Segment Start: INFORMATION GIVEN

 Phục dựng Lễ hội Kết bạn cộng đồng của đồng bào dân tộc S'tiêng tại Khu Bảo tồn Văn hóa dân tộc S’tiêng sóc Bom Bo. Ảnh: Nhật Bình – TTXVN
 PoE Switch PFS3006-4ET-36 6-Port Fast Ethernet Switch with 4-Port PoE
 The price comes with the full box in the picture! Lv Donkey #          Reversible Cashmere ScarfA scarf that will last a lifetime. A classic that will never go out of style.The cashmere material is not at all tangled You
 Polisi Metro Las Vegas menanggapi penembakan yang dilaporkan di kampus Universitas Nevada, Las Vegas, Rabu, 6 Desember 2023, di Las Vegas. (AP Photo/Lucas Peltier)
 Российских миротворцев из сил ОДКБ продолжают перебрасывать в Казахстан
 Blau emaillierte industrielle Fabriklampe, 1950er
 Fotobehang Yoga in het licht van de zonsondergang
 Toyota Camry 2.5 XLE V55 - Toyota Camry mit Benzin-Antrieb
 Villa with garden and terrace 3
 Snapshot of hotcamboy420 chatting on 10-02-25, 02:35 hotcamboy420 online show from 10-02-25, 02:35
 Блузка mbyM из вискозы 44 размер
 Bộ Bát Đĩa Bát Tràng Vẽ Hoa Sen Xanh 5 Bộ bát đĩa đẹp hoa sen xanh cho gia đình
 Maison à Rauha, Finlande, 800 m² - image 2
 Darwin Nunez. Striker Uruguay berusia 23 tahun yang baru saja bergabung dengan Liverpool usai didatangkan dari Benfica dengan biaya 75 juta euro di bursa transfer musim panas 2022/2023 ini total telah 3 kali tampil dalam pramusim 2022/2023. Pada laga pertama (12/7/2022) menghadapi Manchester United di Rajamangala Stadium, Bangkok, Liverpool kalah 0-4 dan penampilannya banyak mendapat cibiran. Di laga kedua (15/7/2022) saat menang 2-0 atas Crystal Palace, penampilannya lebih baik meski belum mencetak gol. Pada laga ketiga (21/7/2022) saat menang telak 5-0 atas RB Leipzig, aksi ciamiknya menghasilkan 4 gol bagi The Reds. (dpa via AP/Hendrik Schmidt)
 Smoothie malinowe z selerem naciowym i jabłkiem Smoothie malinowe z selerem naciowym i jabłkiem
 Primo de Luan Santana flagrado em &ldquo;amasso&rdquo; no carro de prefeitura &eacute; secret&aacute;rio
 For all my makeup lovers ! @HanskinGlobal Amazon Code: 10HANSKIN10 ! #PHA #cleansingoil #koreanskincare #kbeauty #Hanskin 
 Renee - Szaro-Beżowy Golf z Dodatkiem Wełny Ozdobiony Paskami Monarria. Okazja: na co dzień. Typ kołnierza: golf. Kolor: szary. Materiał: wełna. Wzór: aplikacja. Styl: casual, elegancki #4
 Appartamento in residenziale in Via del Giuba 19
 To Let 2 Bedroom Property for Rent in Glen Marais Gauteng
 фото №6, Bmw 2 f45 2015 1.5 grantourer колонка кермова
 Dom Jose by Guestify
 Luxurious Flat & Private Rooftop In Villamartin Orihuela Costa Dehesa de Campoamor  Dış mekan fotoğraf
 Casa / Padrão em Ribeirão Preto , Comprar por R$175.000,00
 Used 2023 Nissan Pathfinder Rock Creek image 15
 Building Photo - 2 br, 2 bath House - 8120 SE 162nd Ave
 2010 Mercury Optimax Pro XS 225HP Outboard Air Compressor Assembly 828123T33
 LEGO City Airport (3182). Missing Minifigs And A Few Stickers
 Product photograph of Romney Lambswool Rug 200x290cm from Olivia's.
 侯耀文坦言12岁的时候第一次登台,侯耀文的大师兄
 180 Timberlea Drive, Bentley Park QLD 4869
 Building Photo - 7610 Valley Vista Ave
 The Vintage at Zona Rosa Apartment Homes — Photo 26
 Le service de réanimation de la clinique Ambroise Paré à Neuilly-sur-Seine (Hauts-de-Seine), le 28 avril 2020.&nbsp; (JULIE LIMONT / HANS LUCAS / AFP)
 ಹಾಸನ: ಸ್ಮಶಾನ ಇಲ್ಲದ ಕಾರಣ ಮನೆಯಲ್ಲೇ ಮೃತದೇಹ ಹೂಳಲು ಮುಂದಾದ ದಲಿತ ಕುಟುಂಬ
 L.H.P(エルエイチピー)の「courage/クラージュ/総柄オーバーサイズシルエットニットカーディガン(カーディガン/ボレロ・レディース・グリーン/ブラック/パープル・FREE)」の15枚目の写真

Segment End: INFORMATION GIVEN

— PROBLEM STATEMENT —
Output each entry once again, exactly as shown above.

— FINISHED TASK —
 Phục dựng Lễ hội Kết bạn cộng đồng của đồng bào dân tộc S'tiêng tại Khu Bảo tồn Văn hóa dân tộc S’tiêng sóc Bom Bo. Ảnh: Nhật Bình – TTXVN
 PoE Switch PFS3006-4ET-36 6-Port Fast Ethernet Switch with 4-Port PoE
 The price comes with the full box in the picture! Lv Donkey #          Reversible Cashmere ScarfA scarf that will last a lifetime. A classic that will never go out of style.The cashmere material is not at all tangled You
 Polisi Metro Las Vegas menanggapi penembakan yang dilaporkan di kampus Universitas Nevada, Las Vegas, Rabu, 6 Desember 2023, di Las Vegas. (AP Photo/Lucas Peltier)
 Российских миротворцев из сил ОДКБ продолжают перебрасывать в Казахстан
 Blau emaillierte industrielle Fabriklampe, 1950er
 Fotobehang Yoga in het licht van de zonsondergang
 Toyota Camry 2.5 XLE V55 - Toyota Camry mit Benzin-Antrieb
 Villa with garden and terrace 3
 Snapshot of hotcamboy420 chatting on 10-02-25, 02:35 hotcamboy420 online show from 10-02-25, 02:35
 Блузка mbyM из вискозы 44 размер
 Bộ Bát Đĩa Bát Tràng Vẽ Hoa Sen Xanh 5 Bộ bát đĩa đẹp hoa sen xanh cho gia đình
 Maison à Rauha, Finlande, 800 m² - image 2
 Darwin Nunez. Striker Uruguay berusia 23 tahun yang baru saja bergabung dengan Liverpool usai didatangkan dari Benfica dengan biaya 75 juta euro di bursa transfer musim panas 2022/2023 ini total telah 3 kali tampil dalam pramusim 2022/2023. Pada laga pertama (12/7/2022) menghadapi Manchester United di Rajamangala Stadium, Bangkok, Liverpool kalah 0-4 dan penampilannya banyak mendapat cibiran. Di laga kedua (15/7/2022) saat menang 2-0 atas Crystal Palace, penampilannya lebih baik meski belum mencetak gol. Pada laga ketiga (21/7/2022) saat menang telak 5-0 atas RB Leipzig, aksi ciamiknya menghasilkan 4 gol bagi The Reds. (dpa via AP/Hendrik Schmidt)
 Smoothie malinowe z selerem naciowym i jabłkiem Smoothie malinowe z selerem naciowym i jabłkiem
 Primo de Luan Santana flagrado em &ldquo;amasso&rdquo; no carro de prefeitura &eacute; secret&aacute;rio
 For all my makeup lovers ! @HanskinGlobal Amazon Code: 10HANSKIN10 ! #PHA #cleansingoil #koreanskincare #kbeauty #Hanskin 
 Renee - Szaro-Beżowy Golf z Dodatkiem Wełny Ozdobiony Paskami Monarria. Okazja: na co dzień. Typ kołnierza: golf. Kolor: szary. Materiał: wełna. Wzór: aplikacja. Styl: casual, elegancki #4
 Appartamento in residenziale in Via del Giuba 19
 To Let 2 Bedroom Property for Rent in Glen Marais Gauteng
 фото №6, Bmw 2 f45 2015 1.5 grantourer колонка кермова
 Dom Jose by Guestify
 Luxurious Flat & Private Rooftop In Villamartin Orihuela Costa Dehesa de Campoamor  Dış mekan fotoğraf
 Casa / Padrão em Ribeirão Preto , Comprar por R$175.000,00
 Used 2023 Nissan Pathfinder Rock Creek image 15
 Building Photo - 2 br, 2 bath House - 8120 SE 162nd Ave
 2010 Mercury Optimax Pro XS 225HP Outboard Air Compressor Assembly 828123T33
 LEGO City Airport (3182). Missing Minifigs And A Few Stickers
 Product photograph of Romney Lambswool Rug 200x290cm from Olivia's.
 侯耀文坦言12岁的时候第一次登台,侯耀文的大师兄
 180 Timberlea Drive, Bentley Park QLD 4869
 Building Photo - 7610 Valley Vista Ave
 The Vintage at Zona Rosa Apartment Homes — Photo 26
 Le service de réanimation de la clinique Ambroise Paré à Neuilly-sur-Seine (Hauts-de-Seine), le 28 avril 2020.&nbsp; (JULIE LIMONT / HANS LUCAS / AFP)
 ಹಾಸನ: ಸ್ಮಶಾನ ಇಲ್ಲದ ಕಾರಣ ಮನೆಯಲ್ಲೇ ಮೃತದೇಹ ಹೂಳಲು ಮುಂದಾದ ದಲಿತ ಕುಟುಂಬ
 L.H.P(エルエイチピー)の「courage/クラージュ/総柄オーバーサイズシルエットニットカーディガン(カーディガン/ボレロ・レディース・グリーン/ブラック/パープル・FREE)」の15枚目の写真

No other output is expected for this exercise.